Book Review: MY DREAM OF YOU, by Nuala O'Faolain

So, an Irish travel writer needs a life change. She's fifty, she's been through a lot of crap lately, and so she gets interested in an affair between an English landlord's wife and a hired hand (happened in Ireland, the year after the famine) and decides to write a book about it--the catch in the whole affair is that it requires that Kathleen (said travel writer) return to Ireland for research, and she hasn't been home in twenty years.

The book is complicated, and rich. O'Faolain brings out a character in Kathleen de Burca that is so deep and true that Kathleen seems to be constantly changing--one minute I adore her, am sighing over the lovely thing she just said, and the next don't know what to think. How very like a real person.

DREAM's narrative is much the same--darting back and forth between Kathleen's experiences, her thoughts, her flashbacks, and the scenes she imagines for her star-crossed lovers, even bringing in some fascinating bits of Irish history, interwoven with the politics surrounding the potato famine.

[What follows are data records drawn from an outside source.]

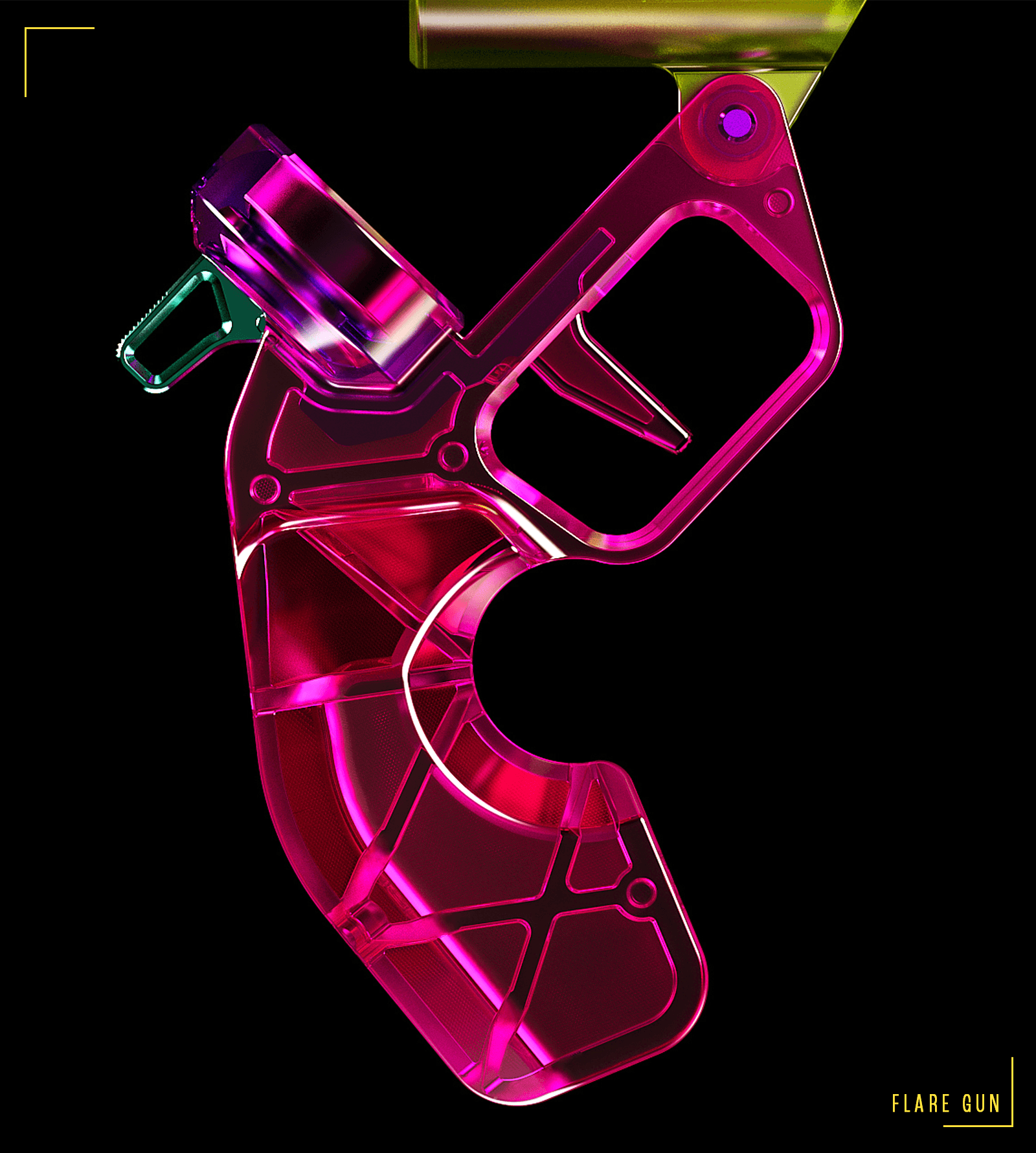 signal gun，Andrés Belisario，cad，Render，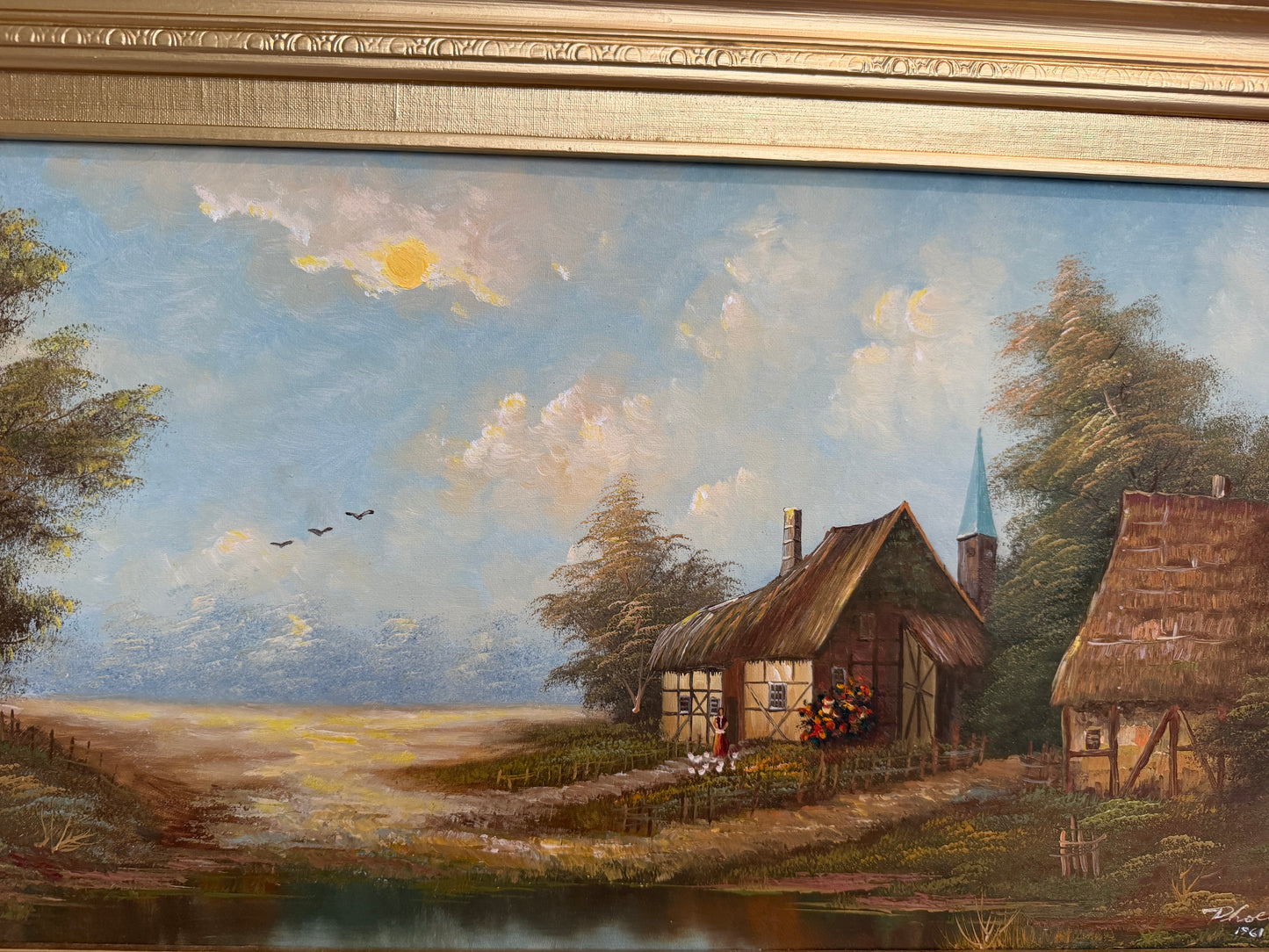 Vintage European Coastal Village Oil Painting Signed Dated 1961 Framed Landscape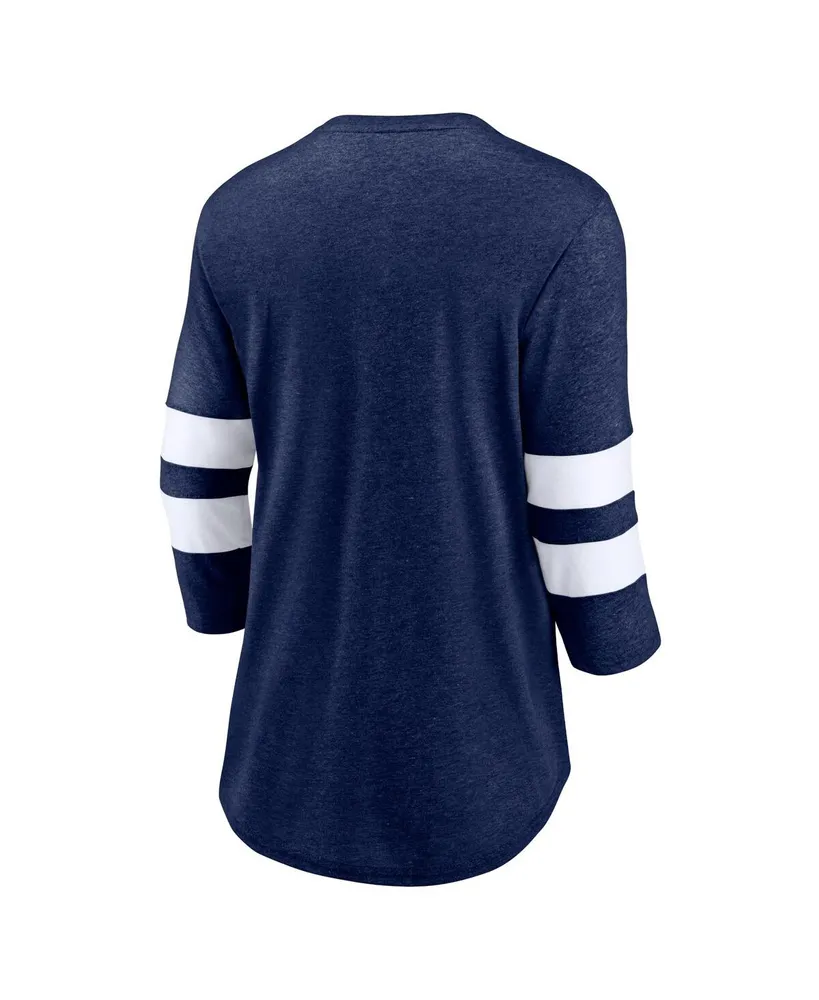 Women's Fanatics Heathered Navy Chicago Bears Primary Logo 3/4 Sleeve Scoop Neck T-shirt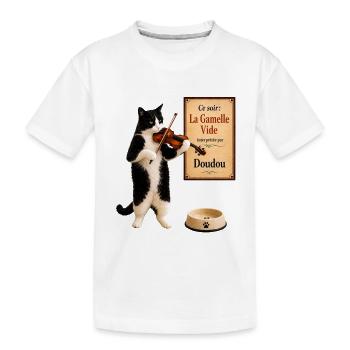 Violin Cat - The Empty Food Bowl - French Language - Kids' Premium Organic T-Shirt - white - Front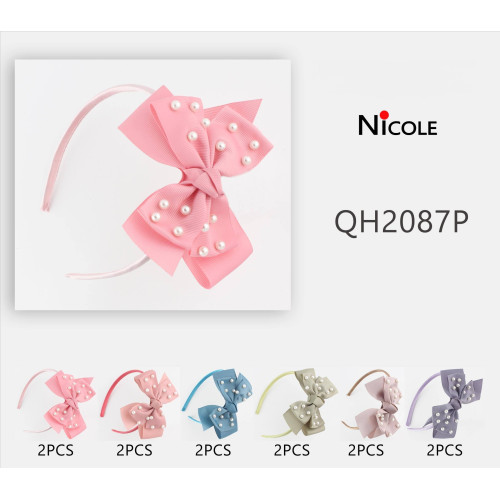 Grosgrain Bows with Pearls on Headband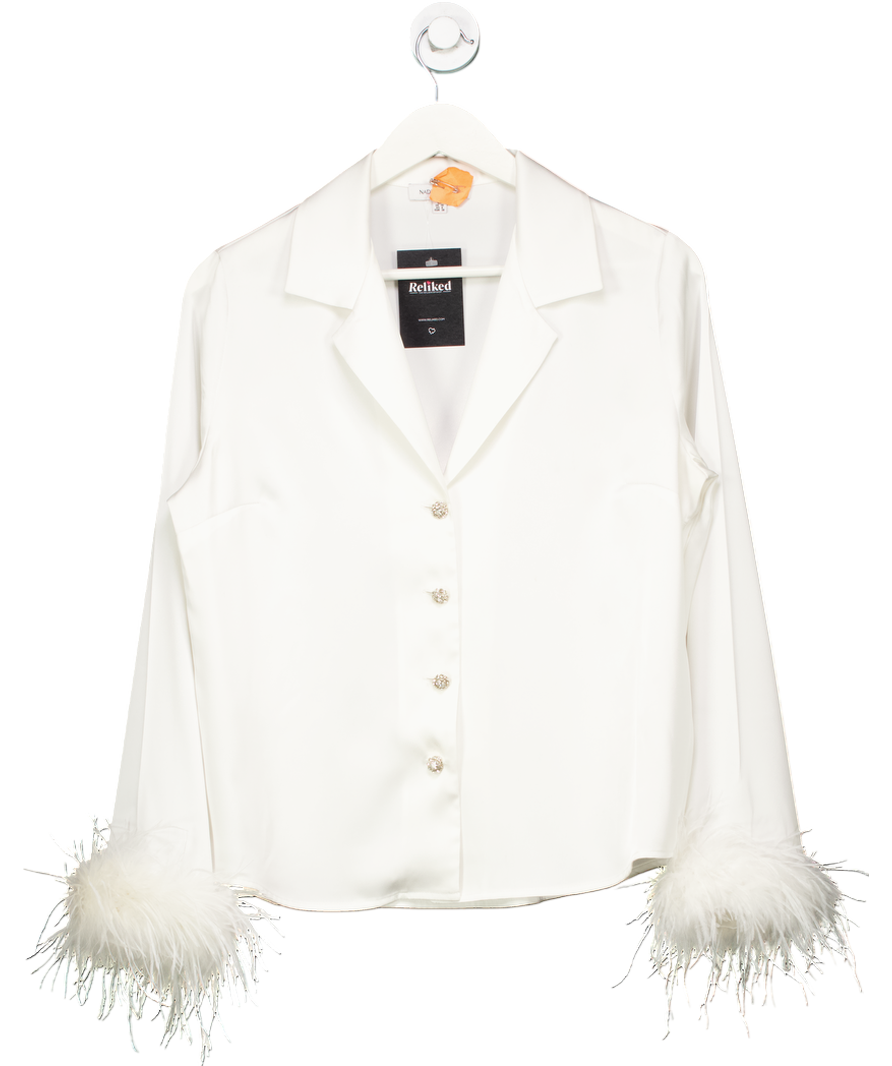 Nadine Merabi White Feather trim Darcie Shirt UK 10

I wasn't sure what to think of the book until I'd finished it. There are many threads winding their way through O'Faolain's tale--more than I could count, more perhaps than even O'Faolain intended, so that once I arrived at the close of the book I found the best sort of ending awaiting me: the sort, whether happy or sad or inconclusive, that draws from me that perfect response--"...but of course. How else could it be?"

MY DREAM OF YOU is bigger than any review, I think. It covers so much ground, and, though I didn't love it all the time, its complexity commands a certain kind of respect, and establishes with the reader a sort of relationship. Kudos, O'Faolain. Well done.